Durante las dos primeras, la colocación de deuda al gobierno de Venezuela fue el atajo de la gestión anterior para obtener financiamiento externo. Esa vía se interrumpió luego de una torpe emisión a una tasa de interés muy elevada, además de la liquidación de papeles que realizó la administración Chávez, afectando la cotización de esos bonos. En ese entonces, si hubiera habido otros interesados en comprar títulos públicos argentinos no se habrían despreciado. Este antecedente resulta relevante al momento de analizar el actual comportamiento del Gobierno, que busca seducir para obtener financiamiento externo.
La ley ganzúa, como la apodó el colega Mario Wainfeld el domingo pasado, para abrir la denominada cerrojo no es clave para conseguir ese crédito, aunque presenta un mejor escenario a los ojos de los financistas. Antes de presentar ese proyecto, que siguiendo el razonamiento de analistas conservadores se trataría de una norma que “viola la seguridad jurídica” al alterar reglas de juego, Argentina ya había recibido ofertas para colocar deuda, aunque a tasas altas.
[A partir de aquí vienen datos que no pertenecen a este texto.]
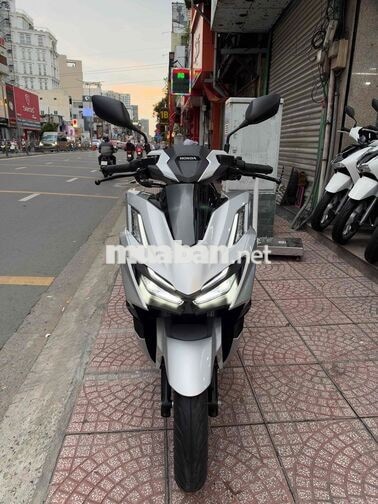 Honda VARIO 160 2023 Bạc Porsche BSTP Chính Chủ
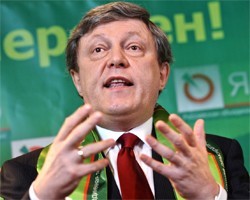 Г.Явлинский в ЗС Петербурга подтвердил готовность объединиться с А.Кудриным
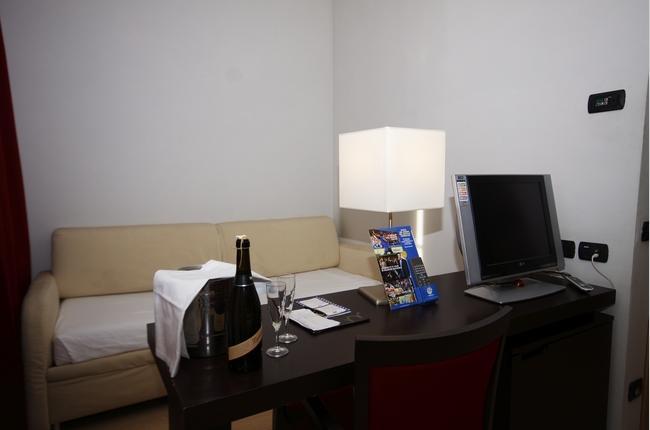 Hotel Metropolis Reggio Emilia Exterior photo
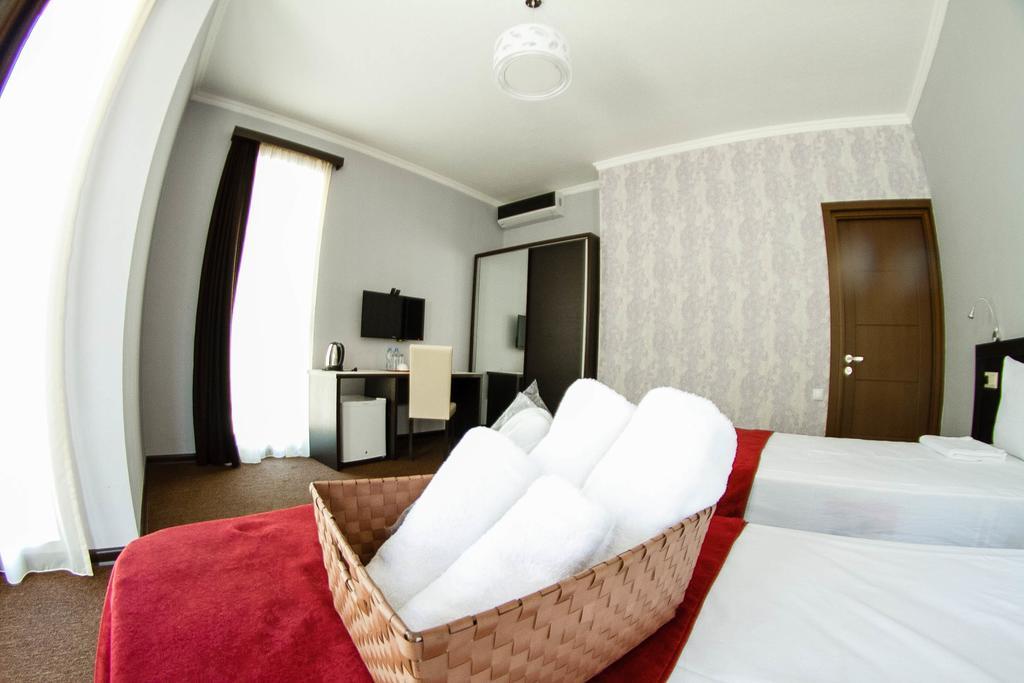 The One Boutique Hotel Tbilisi Exterior photo
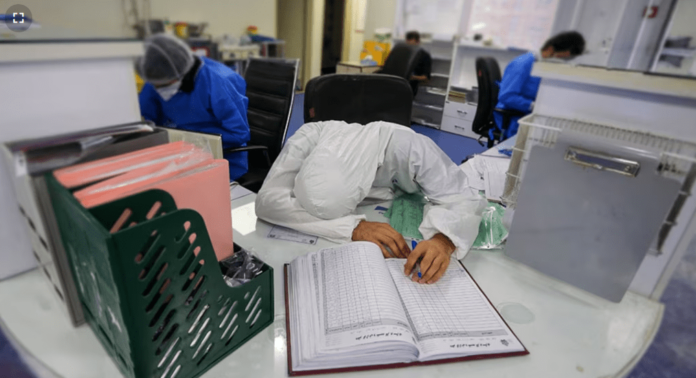 ایران.. ممرضات شارکن في الاحتجاجات یدعن الی إلى “هيئة التحقيق في الانتهاكات”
La abundancia de fondos excedentes en el mercado internacional, debido a los multimillonarios paquetes de rescate que implicaron una emisión fabulosa de dólares, está generando condiciones para esa reapertura. Otro factor relevante se encuentra en que América latina y Asia han sorteado con pocos daños la crisis internacional, lo que impulsa a grandes inversores especulativos a buscar rentas atractivas en esas plazas.
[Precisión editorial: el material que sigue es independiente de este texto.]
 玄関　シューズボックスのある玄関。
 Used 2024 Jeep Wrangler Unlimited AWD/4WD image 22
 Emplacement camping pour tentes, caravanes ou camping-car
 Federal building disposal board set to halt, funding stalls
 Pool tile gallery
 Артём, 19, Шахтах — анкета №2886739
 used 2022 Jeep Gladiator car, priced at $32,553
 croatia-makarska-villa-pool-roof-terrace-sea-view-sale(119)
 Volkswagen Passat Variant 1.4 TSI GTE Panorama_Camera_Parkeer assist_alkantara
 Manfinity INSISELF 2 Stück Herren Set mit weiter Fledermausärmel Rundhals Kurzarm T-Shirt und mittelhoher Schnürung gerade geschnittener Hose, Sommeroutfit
Esos capitales desembarcan comprando deuda analizando la capacidad de repago de esos países teniendo en cuenta su fortaleza fiscal, situación que han comprobado en estos meses de debacle global. El discurso acerca de las “señales” al mundo de las finanzas o la necesidad de reinsertarse en el circuito financiero internacional forma parte de una ortodoxia que ha mostrado su inutilidad. Una vez más ha quedado demostrado que no se necesita arreglar con los holdouts o tener una buena relación con el FMI para recibir ofertas de financistas ávidos de utilidades atractivas. Pueden ser parte de una política de “normalización” de relaciones con factores del poder financiero, pero en general la codicia del capital no se detiene en las formas diplomáticas. Así quedó en evidencia con el intenso recorrido al alza de las cotizaciones de los títulos públicos en lo que va del año. Esta suba también relativizó los comentarios indignados acerca de que el conflicto con el Indec provocó la disparada del riesgo país desde 2007. Con cambios menores en la organización del Instituto, apertura comunicacional de su actual conducción y un canje de bonos indexados con CER, el Indec dejó de afectar la sensibilidad de los operadores bursátiles. En lo que va del año, el indicador riesgo país se derrumbó de 1400 a 600 puntos.
En ese contexto, el Gobierno avanza con la ley ganzúa que apunta a normalizar una parte de la deuda en default reconociendo su existencia, pese a que en su momento se advirtió que si no participaba del canje quedaría fuera de registros. Su incorporación a la contabilidad pública implica un importante costo, no sólo político sino también de recursos. Con el supuesto de un 70 por ciento de aceptación, implicaría sumar de 7000 a 8000 millones de dólares al stock de deuda pública. Esto significaría adicionar un compromiso de 450 a 550 millones de dólares anuales por el pago de intereses. Una posibilidad es que esa operación permita emitir nueva deuda a tasas razonables para superar los próximos vencimientos sin apremios fiscales, y así liberar recursos para sostener una política activa del gasto público. Pero también existe la opción de que detrás de esa operación irrumpa la tentación de reanudar un nuevo ciclo de endeudamiento externo para financiar gastos corrientes. Así se ingresaría en un sendero cuyo desenlace es conocido y poco feliz. Es probable que disminuya la tasa de interés por el exceso de fondos especulativos en el mercado internacional más que por el nuevo canje. Por ese motivo, con la reapertura de la puerta al crédito internacional y tasas en descenso, se agiganta el riesgo de que el aroma de un buen Malbec pueda hacer sucumbir la beneficiosa abstinencia obligada a la que fue sometido un alcohólico reincidente.